I'm going to write a program (function) that can convert a long string to a number. For this, first I convert each character (letter) to a number; like a=0.01, b=0.02, c=0.03
... . then for example I have:
abc // I don't want to return 0.010.020.03 (because it is false in mathematic and the returned number length is more than the string length!), I want to have a certain number that just belong to this characters (abc) combination and be less than the length of string. For example for this return 54 (just for example)
For example I can combine (+) these numbers but there are many problems with this way, and no I will have problem with combinations. Like abc will be (0.01+0.02+0.03)=>0.06
, but again bca, cba, bac,... (all combinations) will have same value (0.06)

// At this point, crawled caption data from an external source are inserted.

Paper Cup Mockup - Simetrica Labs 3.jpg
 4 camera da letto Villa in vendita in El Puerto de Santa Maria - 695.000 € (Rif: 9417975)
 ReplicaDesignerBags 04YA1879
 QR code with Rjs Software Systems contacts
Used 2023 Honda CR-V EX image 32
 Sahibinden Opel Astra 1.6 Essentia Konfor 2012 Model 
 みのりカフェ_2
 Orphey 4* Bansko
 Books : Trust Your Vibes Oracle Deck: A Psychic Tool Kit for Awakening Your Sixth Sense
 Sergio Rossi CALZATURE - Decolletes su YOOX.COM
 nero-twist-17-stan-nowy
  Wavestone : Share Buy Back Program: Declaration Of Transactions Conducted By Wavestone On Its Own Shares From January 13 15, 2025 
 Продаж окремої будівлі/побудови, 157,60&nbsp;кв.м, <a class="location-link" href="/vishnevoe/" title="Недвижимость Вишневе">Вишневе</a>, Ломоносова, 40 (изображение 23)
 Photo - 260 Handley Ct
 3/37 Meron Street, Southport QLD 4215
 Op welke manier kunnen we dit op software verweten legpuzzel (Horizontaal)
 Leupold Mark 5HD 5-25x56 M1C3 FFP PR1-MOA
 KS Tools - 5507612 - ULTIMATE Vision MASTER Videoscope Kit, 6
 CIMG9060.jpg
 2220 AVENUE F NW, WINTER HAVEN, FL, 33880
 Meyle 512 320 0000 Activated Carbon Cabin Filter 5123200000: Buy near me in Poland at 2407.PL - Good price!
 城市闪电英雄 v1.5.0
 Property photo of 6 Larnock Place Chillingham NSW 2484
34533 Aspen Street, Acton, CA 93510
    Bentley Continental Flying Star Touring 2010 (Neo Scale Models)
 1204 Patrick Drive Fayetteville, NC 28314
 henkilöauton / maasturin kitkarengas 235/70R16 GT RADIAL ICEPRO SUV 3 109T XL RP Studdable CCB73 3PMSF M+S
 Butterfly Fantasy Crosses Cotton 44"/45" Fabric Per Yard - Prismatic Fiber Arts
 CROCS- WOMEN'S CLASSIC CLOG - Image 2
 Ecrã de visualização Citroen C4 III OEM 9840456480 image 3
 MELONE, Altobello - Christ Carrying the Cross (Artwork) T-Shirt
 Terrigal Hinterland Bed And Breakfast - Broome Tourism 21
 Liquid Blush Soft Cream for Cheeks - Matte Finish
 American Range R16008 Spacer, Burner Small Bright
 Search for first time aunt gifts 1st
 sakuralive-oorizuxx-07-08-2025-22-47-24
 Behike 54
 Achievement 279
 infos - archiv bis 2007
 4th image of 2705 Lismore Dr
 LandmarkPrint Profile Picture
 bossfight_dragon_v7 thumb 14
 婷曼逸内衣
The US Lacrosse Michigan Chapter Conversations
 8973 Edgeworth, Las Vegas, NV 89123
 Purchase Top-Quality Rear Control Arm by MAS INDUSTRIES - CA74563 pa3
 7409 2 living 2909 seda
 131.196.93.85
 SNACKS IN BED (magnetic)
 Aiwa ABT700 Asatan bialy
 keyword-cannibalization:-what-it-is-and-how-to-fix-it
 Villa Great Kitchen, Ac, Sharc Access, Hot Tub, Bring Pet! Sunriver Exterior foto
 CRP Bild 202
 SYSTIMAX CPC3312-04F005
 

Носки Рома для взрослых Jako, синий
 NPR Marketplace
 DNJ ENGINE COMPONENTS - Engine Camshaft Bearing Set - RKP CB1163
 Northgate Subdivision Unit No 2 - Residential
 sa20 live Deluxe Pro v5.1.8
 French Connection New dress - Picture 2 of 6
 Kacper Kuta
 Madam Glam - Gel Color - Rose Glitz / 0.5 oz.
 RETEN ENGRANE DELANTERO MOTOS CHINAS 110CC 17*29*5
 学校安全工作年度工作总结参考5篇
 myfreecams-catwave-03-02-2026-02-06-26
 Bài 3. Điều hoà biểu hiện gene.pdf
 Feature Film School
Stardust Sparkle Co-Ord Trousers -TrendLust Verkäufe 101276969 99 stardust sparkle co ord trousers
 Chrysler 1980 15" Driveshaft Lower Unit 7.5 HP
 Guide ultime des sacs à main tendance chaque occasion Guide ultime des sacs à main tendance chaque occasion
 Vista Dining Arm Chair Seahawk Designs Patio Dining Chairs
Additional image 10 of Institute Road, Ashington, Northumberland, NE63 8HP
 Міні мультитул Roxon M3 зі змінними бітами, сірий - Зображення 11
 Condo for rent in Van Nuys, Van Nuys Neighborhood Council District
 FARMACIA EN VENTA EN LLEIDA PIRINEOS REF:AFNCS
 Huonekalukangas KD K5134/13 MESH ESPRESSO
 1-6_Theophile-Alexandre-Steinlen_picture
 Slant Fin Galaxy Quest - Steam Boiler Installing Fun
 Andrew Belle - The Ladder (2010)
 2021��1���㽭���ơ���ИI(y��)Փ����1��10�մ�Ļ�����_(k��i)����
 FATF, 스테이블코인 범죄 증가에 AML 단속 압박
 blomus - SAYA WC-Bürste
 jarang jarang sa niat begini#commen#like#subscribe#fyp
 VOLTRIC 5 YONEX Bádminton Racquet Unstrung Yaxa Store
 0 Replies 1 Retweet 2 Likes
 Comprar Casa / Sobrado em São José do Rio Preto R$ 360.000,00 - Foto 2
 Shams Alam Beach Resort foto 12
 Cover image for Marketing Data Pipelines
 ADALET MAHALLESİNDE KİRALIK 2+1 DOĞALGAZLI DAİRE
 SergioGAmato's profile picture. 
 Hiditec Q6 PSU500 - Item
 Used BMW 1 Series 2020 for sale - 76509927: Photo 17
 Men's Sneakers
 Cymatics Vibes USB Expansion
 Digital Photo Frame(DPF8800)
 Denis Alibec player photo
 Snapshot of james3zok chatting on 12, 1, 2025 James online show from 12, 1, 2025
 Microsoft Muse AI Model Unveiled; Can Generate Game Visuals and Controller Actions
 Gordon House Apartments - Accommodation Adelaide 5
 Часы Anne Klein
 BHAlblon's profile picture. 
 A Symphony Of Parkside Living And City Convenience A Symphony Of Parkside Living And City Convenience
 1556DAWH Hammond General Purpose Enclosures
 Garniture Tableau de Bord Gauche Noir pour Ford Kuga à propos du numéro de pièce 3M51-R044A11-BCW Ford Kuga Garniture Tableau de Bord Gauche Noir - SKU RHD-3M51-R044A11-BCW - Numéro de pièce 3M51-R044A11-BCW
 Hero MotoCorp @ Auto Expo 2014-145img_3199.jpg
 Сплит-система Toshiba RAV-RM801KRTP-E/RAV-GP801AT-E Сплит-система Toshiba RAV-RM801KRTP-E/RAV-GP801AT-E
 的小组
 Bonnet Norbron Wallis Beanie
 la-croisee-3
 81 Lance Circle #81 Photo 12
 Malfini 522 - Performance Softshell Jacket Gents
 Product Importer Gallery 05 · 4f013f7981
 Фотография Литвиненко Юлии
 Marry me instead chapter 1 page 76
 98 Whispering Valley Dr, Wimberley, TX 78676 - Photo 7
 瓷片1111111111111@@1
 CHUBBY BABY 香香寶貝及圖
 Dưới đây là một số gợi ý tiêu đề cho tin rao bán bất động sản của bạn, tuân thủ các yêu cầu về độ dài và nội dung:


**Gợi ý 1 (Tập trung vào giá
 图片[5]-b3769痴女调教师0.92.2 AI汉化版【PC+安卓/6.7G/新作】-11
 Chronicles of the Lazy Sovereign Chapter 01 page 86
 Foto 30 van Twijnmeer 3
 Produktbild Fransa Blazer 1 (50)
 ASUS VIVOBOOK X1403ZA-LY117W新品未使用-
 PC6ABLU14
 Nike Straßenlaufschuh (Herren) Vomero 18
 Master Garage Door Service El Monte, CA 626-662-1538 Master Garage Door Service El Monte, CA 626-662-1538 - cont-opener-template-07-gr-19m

Any suggestion or help about how is this possible?
Solution 1:
I believe that this question must be asked in Computer Science Stack Exchange.
If the conversion is one-way, I mean you don't need to get the string from the number (the reason might be storing both the string and the number in database) then you can use hash codes that is available in every programming language.
You can also convert the string to hexadecimal decode, For example the hexdec() function in PHP does this, or pack/unpack also does the same (this is a two-way solution).
But in theory, if there is a sequence of numbers, $[a_1,a_2, ... , a_n ]$ the following formula always generates a unique number for that sequence (Note, it is not a set it is a sequence) :
$$\prod_{i=1}^{n}{p_i}^{a_i}$$
where the $p_i$ is the $i$-th prime number. For example for $[2,4,7]$ it will be $2^2 \times 3^4 \times 5^7$ and by dividing the result to each prime number you can get the power number.
Update
I guess the Huffman coding or Prefix code is also useful to convert string to a binary then convert the binary to decimal number.
Solution 2:
If the alphabet consists of $m$ characters, then there are $m^n$ possible strings of length $n$. If you want to map each such string to a different nonnegative integer, then there are $m^n$ possible integers. If $m > 10$, some of those integers will have length greater than $n$.
Solution 3:
It is impossible to device a method for doing this that works for ALL strings.
Proof. If $\phi$ is such a method, then your requirement means that $\phi(s)$ is a string shorter than $s$ for all inputs $s$. So, by applying it recursively, we see that for enough many repetitions $\phi(\phi(\cdots(s))\cdots)$ is a string with length 1 bit. Congratulations! You have compressed an unabridged version of collected works of Shakespeare to a single bit.
The methods for compressing data used in practice work, because the inputs TYPICALLY given to them can be compressed by a function that EXPANDS (the more common) atypical inputs. The average length of a random string cannot decrease as per the argument from Robert Israel's answer.